Railway station in Inazawa, Aichi Prefecture, Japan

Inazawa Station (稲沢駅, Inazawa-eki) is a railway station in the city of Inazawa, Aichi Prefecture, Japan, operated by Central Japan Railway Company (JR Tōkai).

Inazawa Station is served by the Tōkaidō Main Line, and is located 377.1 kilometers from the starting point of the line at Tokyo Station.

==Station layout==
The station has an island platform connected to the station building by a footbridge. The station building has automated ticket machines, TOICA automated turnstiles and a staffed ticket office.

===Platforms===

| 1 | ■ Tōkaidō Main Line | For Gifu and Ōgaki |
| 2 | ■ Tōkaidō Main Line | For Okazaki, Nagoya |

== History==
Inazawa Station was opened on August 5, 1904 as a station on the Japanese Government Railway (JGR) Tōkaidō Line. The JGR became the JNR after World War II. The station building was rebuilt in March 1953. Along with the division and privatization of JNR on April 1, 1987, the station came under the control and operation of the Central Japan Railway Company. A new station building was completed in April 2000.
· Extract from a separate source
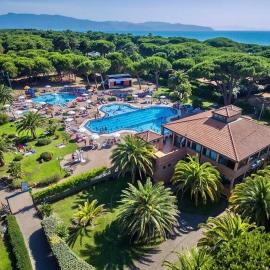 Mobile Homes in Village with swimming pool in Albinia, Hotel in Albinia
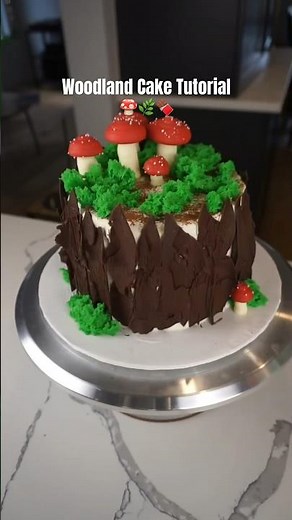 Step by step guide: Woodland Cake with edible moss, buttercream mushrooms, & bark🍄 Live on the blog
Station numbering was introduced to the section of the Tōkaidō Line operated JR Central in March 2018; Inazawa Station was assigned station number CA71.

==Passenger statistics==
In fiscal 2017, the station was used by an average of 9130 passengers daily.

==Surrounding area==
Inazawa Station is located approximately two kilometers east of the city center of Inazawa.